Referring to FIG. 7, a block diagram of a particular illustrative
example of a base station 700 is depicted. In various
implementations, the base station 700 may have more components or
fewer components than illustrated in FIG. 7. In an illustrative
example, the base station 700 may include the second device 106 of
FIG. 1. In an illustrative example, the base station 700 may
operate according to one or more of the methods or systems
described with reference to FIGS. 1-3, 4A, 4B, 5A, 5B, and 6.
The base station 700 may be part of a wireless communication
system. The wireless communication system may include multiple base
stations and multiple wireless devices. The wireless communication
system may be a Long Term Evolution (LTE) system, a Code Division
Multiple Access (CDMA) system, a Global System for Mobile
Communications (GSM) system, a wireless local area network (WLAN)
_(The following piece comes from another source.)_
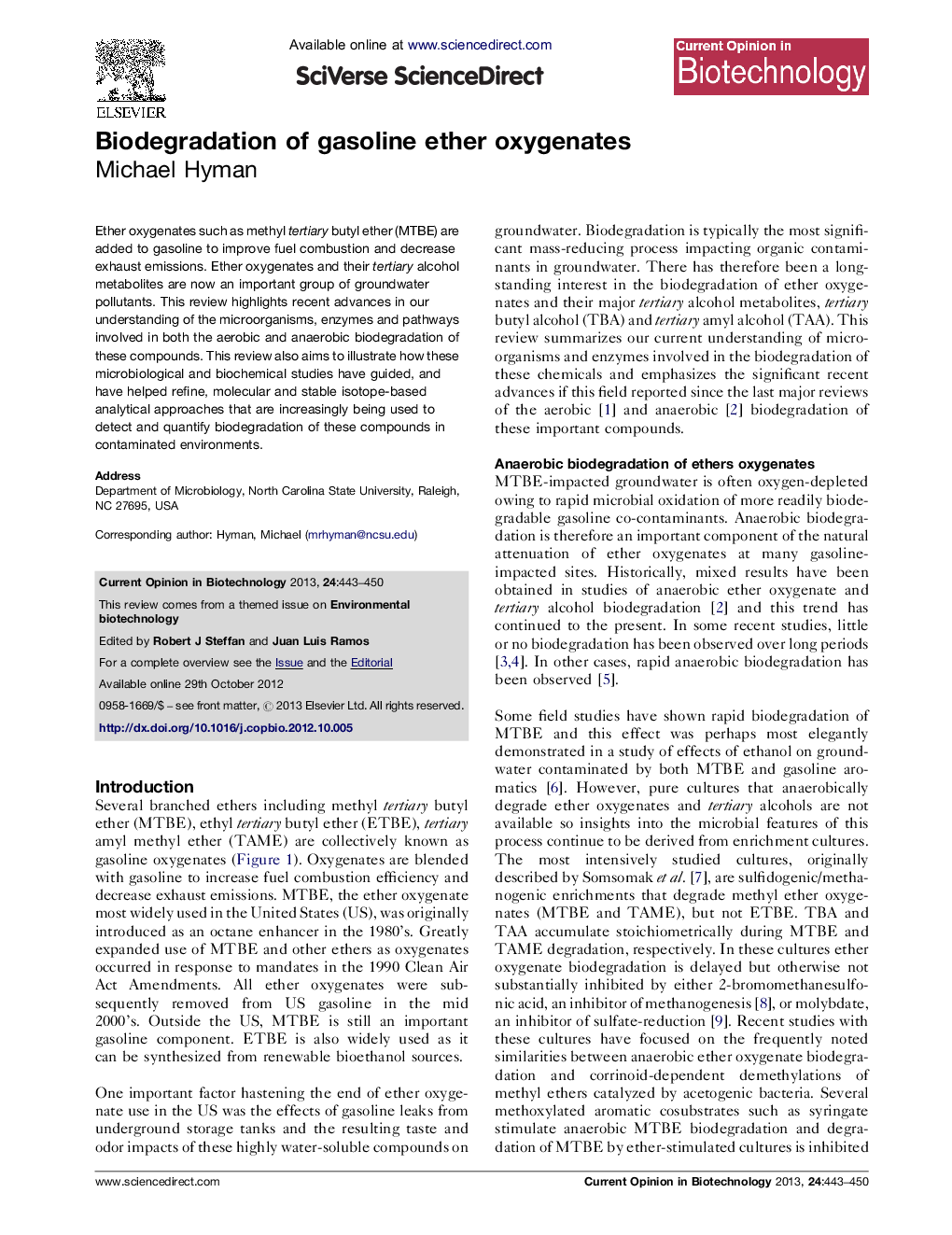 Biodegradation of gasoline ether oxygenates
system, or some other wireless system. A CDMA system may implement
Wideband CDMA (WCDMA), CDMA 1.times., Evolution-Data Optimized
(EVDO), Time Division Synchronous CDMA (TD-SCDMA), or some other
version of CDMA.
The wireless devices may also be referred to as user equipment
(UE), a mobile station, a terminal, an access terminal, a
subscriber unit, a station, etc. The wireless devices may include a
cellular phone, a smartphone, a tablet, a wireless modem, a
personal digital assistant (PDA), a handheld device, a laptop
computer, a smartbook, a netbook, a tablet, a cordless phone, a
wireless local loop (WLL) station, a Bluetooth device, etc. The
wireless devices may include or correspond to the device 600 of
FIG. 6.
Various functions may be performed by one or more components of the
base station 700 (and/or in other components not shown), such as
sending and receiving messages and data (e.g., audio data). In a
particular example, the base station 700 includes a processor 706
(e.g., a CPU). The base station 700 may include a transcoder 710.
The transcoder 710 may include an audio CODEC 708. For example, the
transcoder 710 may include one or more components (e.g., circuitry)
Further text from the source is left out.